■ Available data ■
::::::
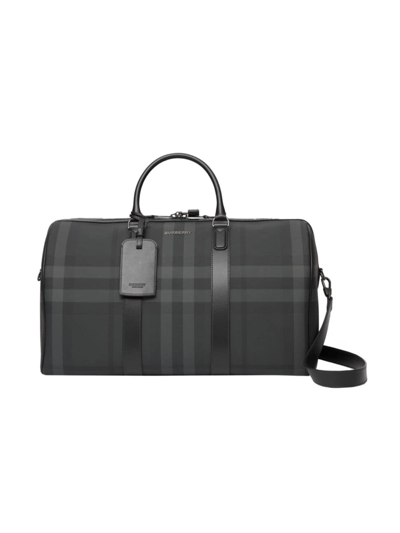 Burberry Men's Boston Canvas Check Bowling Bag In Charcoal Check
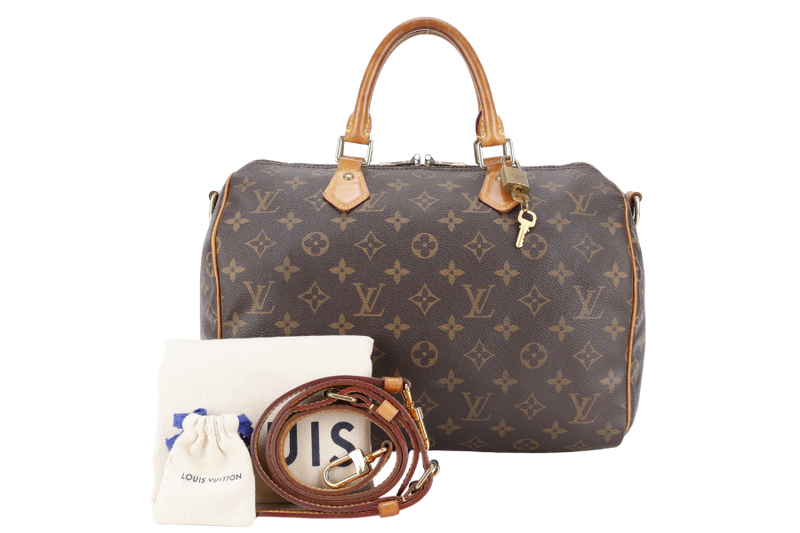 LOUIS VUITTON SPEEDY BANDOULIERE 30 WITH STRAP, LOCK & KEYS AND DUST COVER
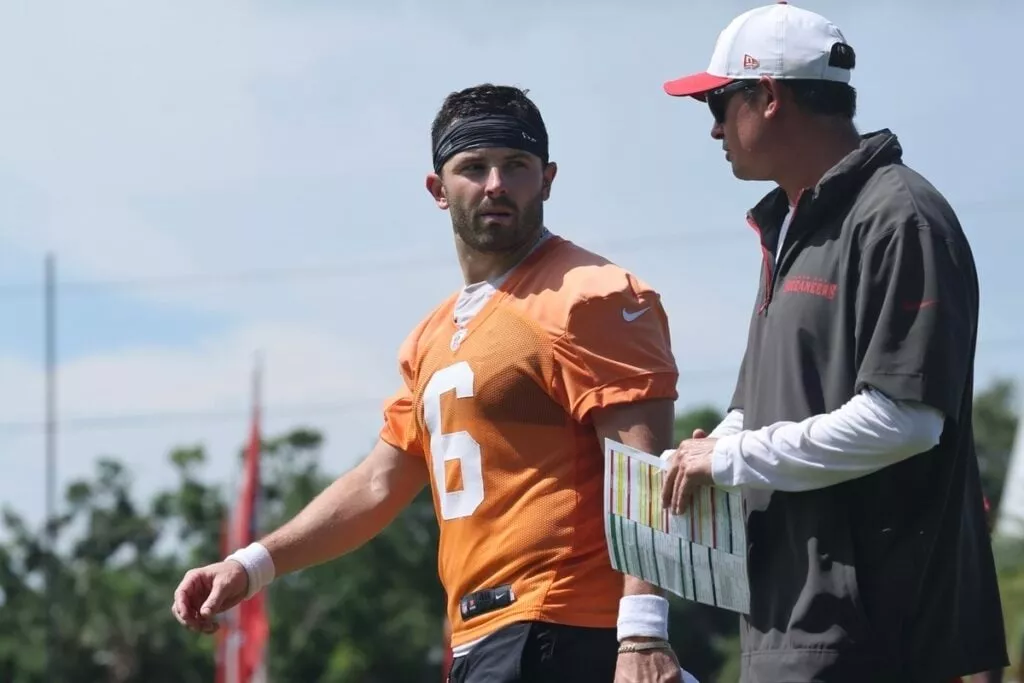 Bucs Camp Insider 8-11: Baker Mayfield Looks Sharp, Three Returns On Offense 5 Bucs Qb Baker Mayfield And Oc Josh Grizzard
::::::
■ Exercise prompt ■
Without changing a word, transcribe all of the data and omit its images.

■ Result of this exercise ■
 Burberry Men's Boston Canvas Check Bowling Bag In Charcoal Check
 LOUIS VUITTON SPEEDY BANDOULIERE 30 WITH STRAP, LOCK & KEYS AND DUST COVER
 Bucs Camp Insider 8-11: Baker Mayfield Looks Sharp, Three Returns On Offense 5 Bucs Qb Baker Mayfield And Oc Josh Grizzard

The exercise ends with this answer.